First line: The passengers streamed ashore from the cruise ship.

It's midsummer in the Shetland Isles, when the sun never quite sets, and the white nights make many people go a bit crazy.

In the remote village of Biddista, Detective Jimmy Perez is attending the opening of an art exhibition at the Herring House with his friend Fran Hunter, when an unknown Englishman suddenly collapses in tears. He claims to have forgotten who he is and why he is there. Perez tries to help the man, but when he briefly leaves him alone, the man disappears. The next morning he is found wearing a clown mask and hanging from a rafter in a boat shed. It doesn't take Perez long to realise that this is not suicide.

The squad from Inverness headed by Inspector Roy Taylor is called in. Taylor is still feeling put out that Perez solved the previous case they worked on together, and is determined that the solution to this case will be down to him. Their investigative styles are complete opposites, with Perez's slow methodical ways irritating the hyperactive Taylor. Surprisingly, they do end up working well together, although it takes a little time for them to get back to the easy camaraderie they had in the previous book.

The investigation centres on Biddista, a community of about half a dozen homes, where almost all the inhabitants are connected by family or childhood friendships. Perez believes the dead man may not have been as much of a stranger as everyone is claiming. He suspects the murderer is a local, and that the death is related to events in the past. A second murder seems to confirm this theory.

The investigation is intriguing, as the hunt for clues to the victim's identity, and the subsequent search for the connections that would lead to his murderer moves from the Shetlands to Yorkshire and back again. Cleeves kept me guessing until the last moment. But it is the characters and their stories that make this such an absorbing read. From the prickly relationship between Perez and Taylor, to Perez's developing relationship with Fran Hunter, to the inhabitants of Biddista and their intertwined histories, they are all fascinating and very real people.

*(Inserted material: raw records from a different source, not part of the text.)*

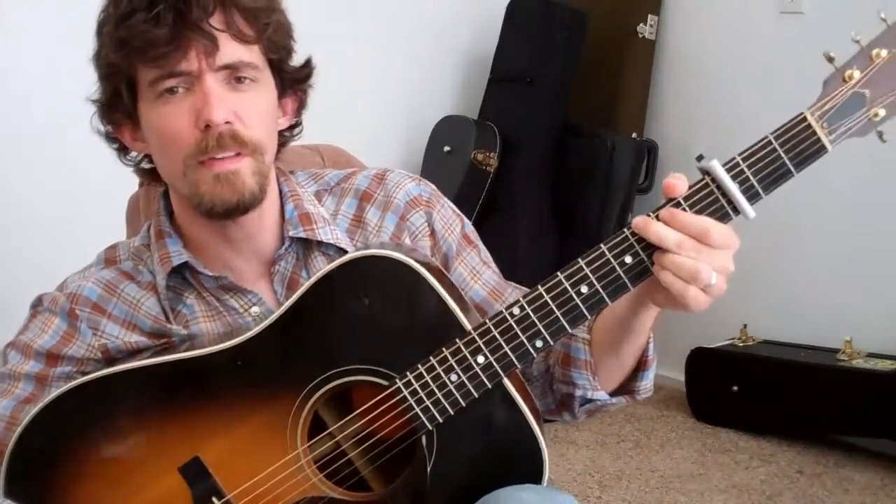Howdy folks! Zane Williams here. I've got a little tutorial video for you today. I'm going to teach you how to play my song '99 Bottles of Beer.'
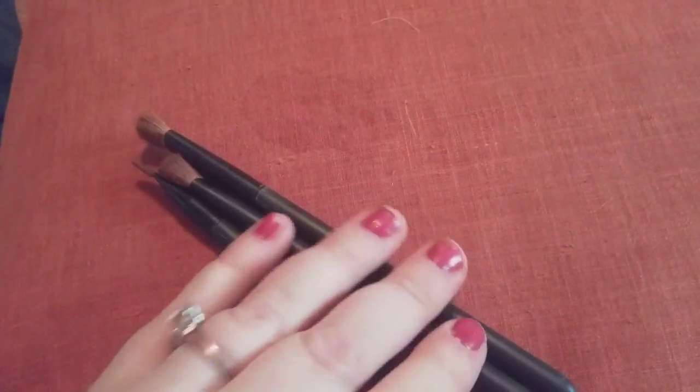Hi friends, family, folks, and newcomers, this is Bridget Earl, and this set is the Color Workshop.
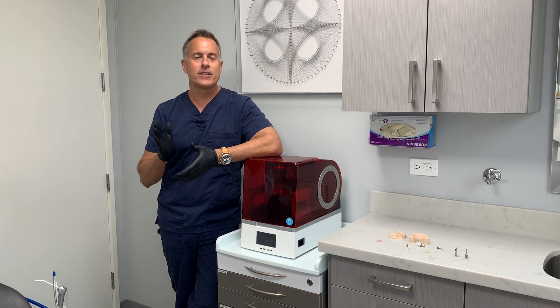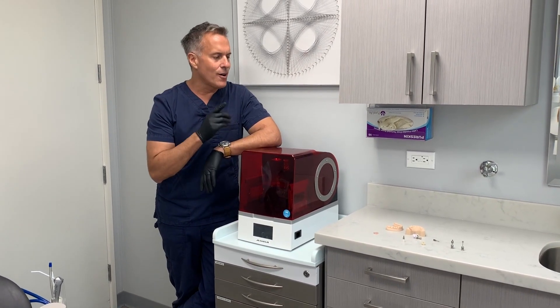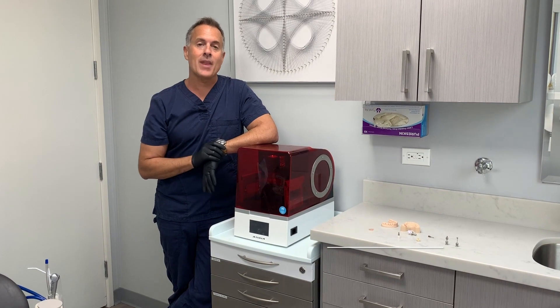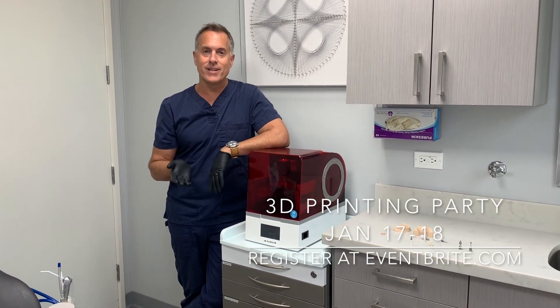So today I want to talk a little bit about this printer here, the Asiga Max UV, and all the parts and pieces involved in implant analog models. Now if you want to learn more, I've got two courses coming up in 2020 — my 3D printing party.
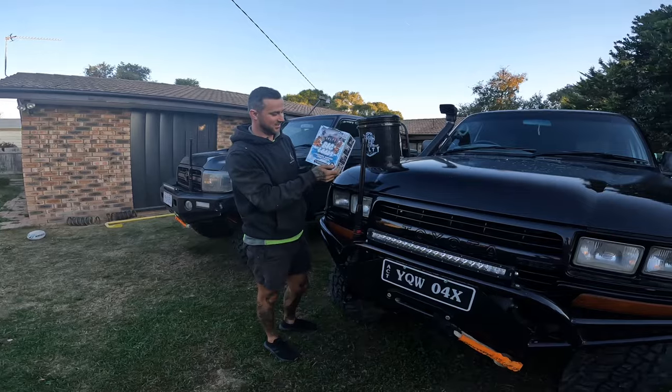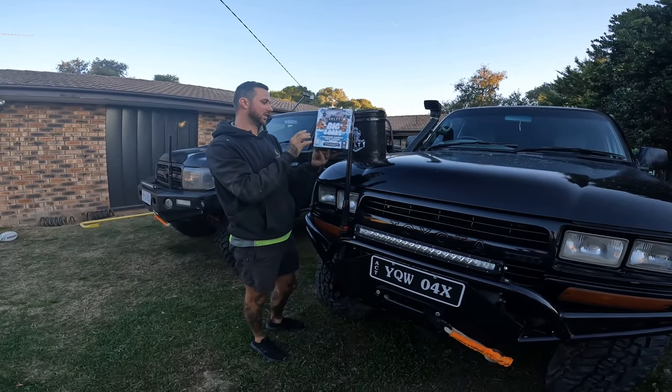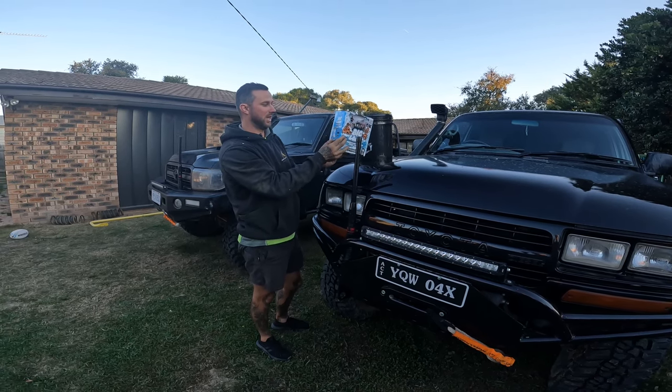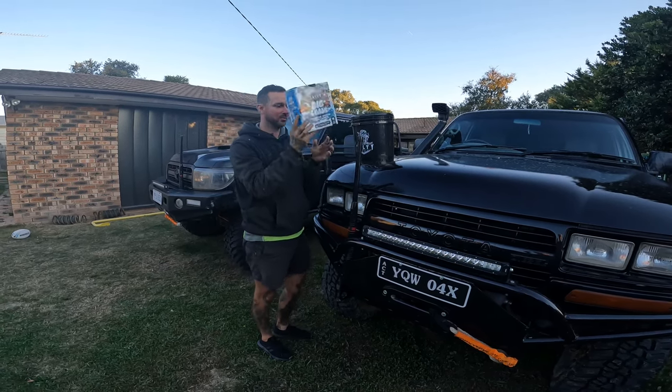So we've got the pressure washer foam cannon. It goes onto a Karcher. There's a couple of different ones - Karcher K-Series, Journey Steel, and then the Qlik Connect. It shows you what it's compatible with. That's what we got.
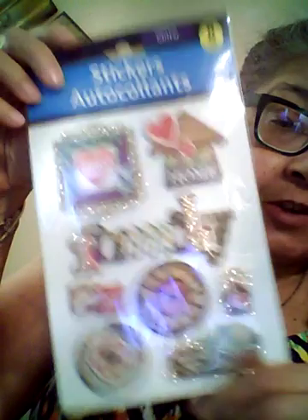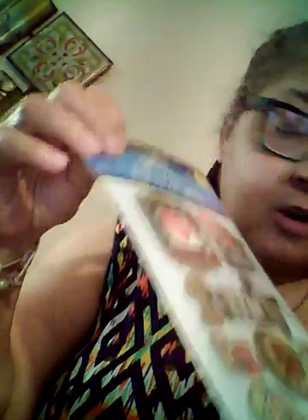My mom really liked these stickers. It says 'family' and features an old-time clock, a family tree, and 'home sweet home.' They're made to look like heavy card stock and have a foam backing on them.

White Nights is the eagerly awaited second book in the Shetland Quartet, and it doesn't disappoint. The first, Raven Black, won the Duncan Lawrie Dagger Award for best crime novel in 2006.

Ann Cleeves' website: http://www.anncleeves.com/

A warning if you don't like to know too much before reading a book: The back cover blurb, at least on my copy, contains a spoiler, mentioning an event that doesn’t occur until more than halfway through the book. For me, a blurb should give specifics of the plot for things that happen in the first 20-30 pages only. After that it needs to be quite vague. It's ok to say that there are more murders, but not to let on who may be on the victim list.

2 comments:

  1. I've just read this book and enjoyed it very much. I don't like "voyeuristic" books, but I did find it a bit odd that after all the "will they won't they" build up between Jimmy and Fran, that in the event the curtain is drawn quite so firmly when they do get it together.
    Also I felt that the denoument was a bit unlikely -- what had happened to the "long ago missing person" was fairly obvious, I didn't mind that so much as the identity and motivation of the murderer, which did not ring true to me.

    These are caveats though, I did enjoy reading the book very much and loved the atmosphere of life in Biddista (history and present day) and the island more generally.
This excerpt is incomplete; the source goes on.